::: Dataset excerpts :::

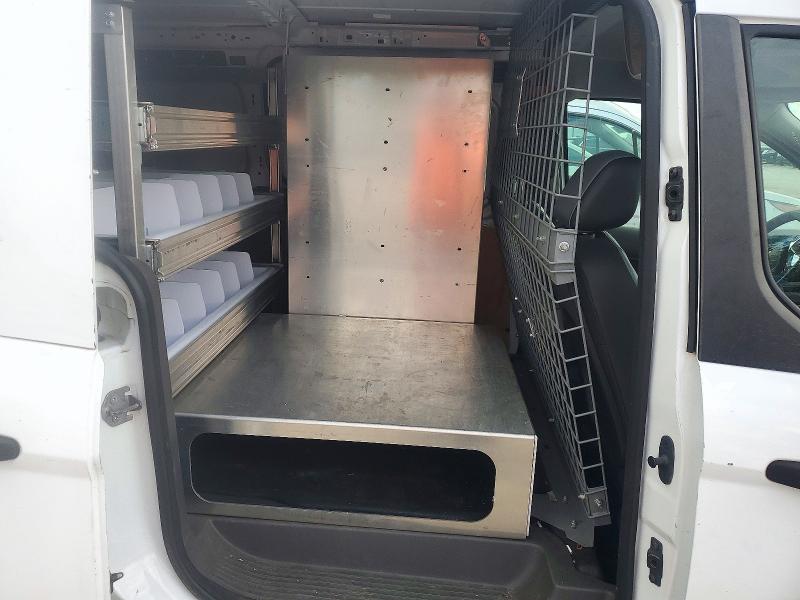 Aukcja sprzedaży 2019 Ford Transit Connect, vin: NM0LS7F27K1401581, numer aukcji: 72334866
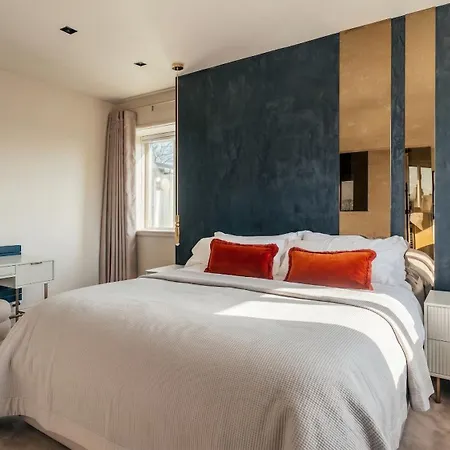 Apartment The Luxury Penthouse *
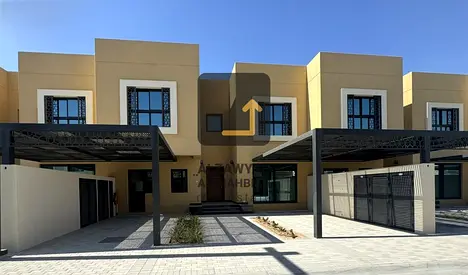 🏡 For Sale – Luxury Villa in Sharjah Sustainable City | Smart Living & Modern Lifestyle Opportunity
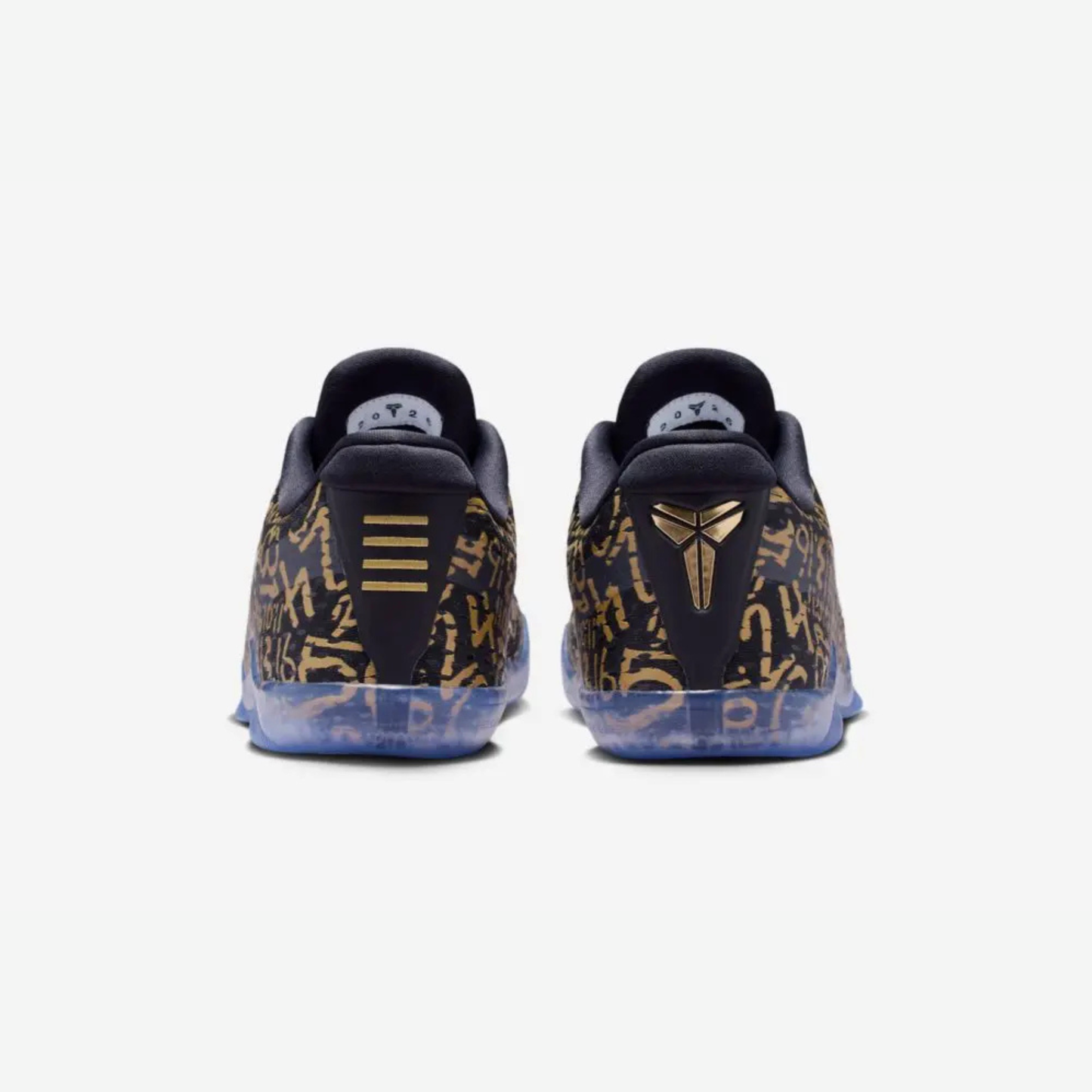 Nike Kobe 11 Protro Low "Mamba Day"
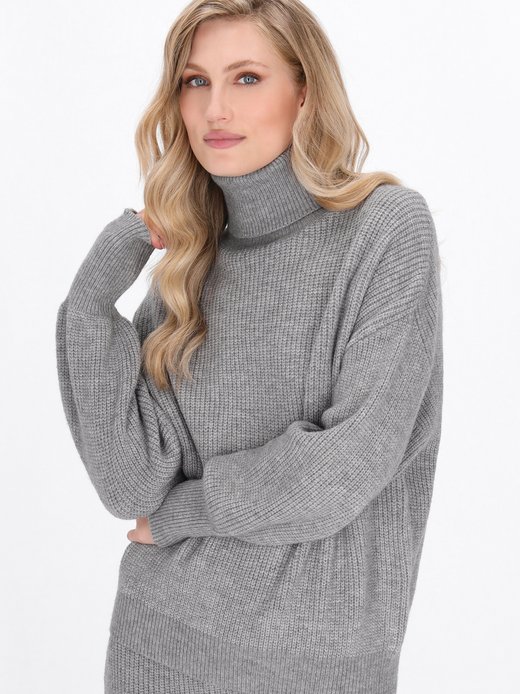 Damen Pullover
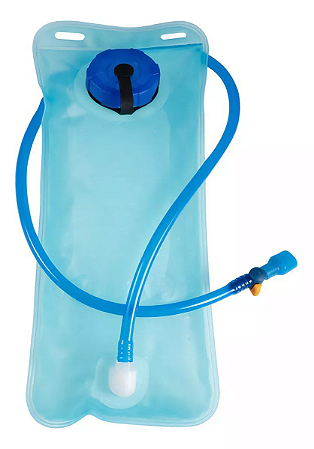Refil Reservatório de Água Para Mochila Hidratação Camelbak 2L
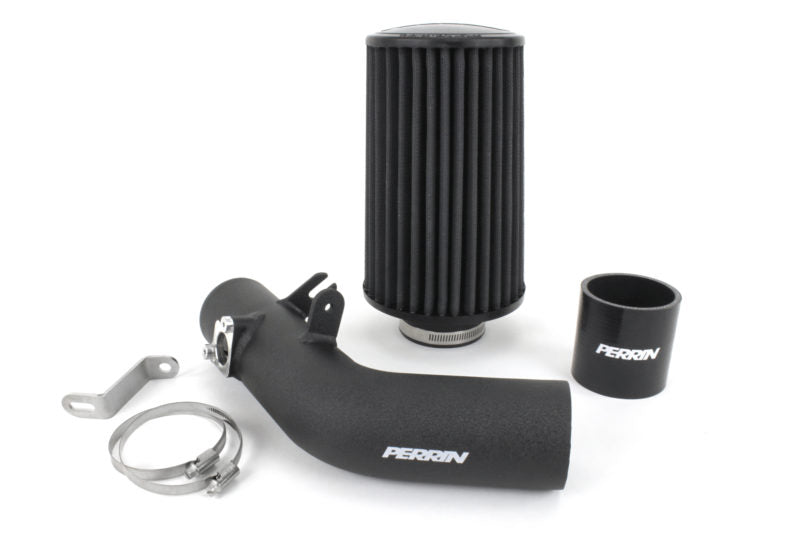 Perrin CARB Approved Cold Air Intake - Subaru WRX/STi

:::

• _Work to complete_
Which lines run from the one containing "Refil Reservatório de" to the end of the data above? Set down those lines exactly, and only those, without any pictures.

• _Task answer_
Refil Reservatório de Água Para Mochila Hidratação Camelbak 2L
 Perrin CARB Approved Cold Air Intake - Subaru WRX/STi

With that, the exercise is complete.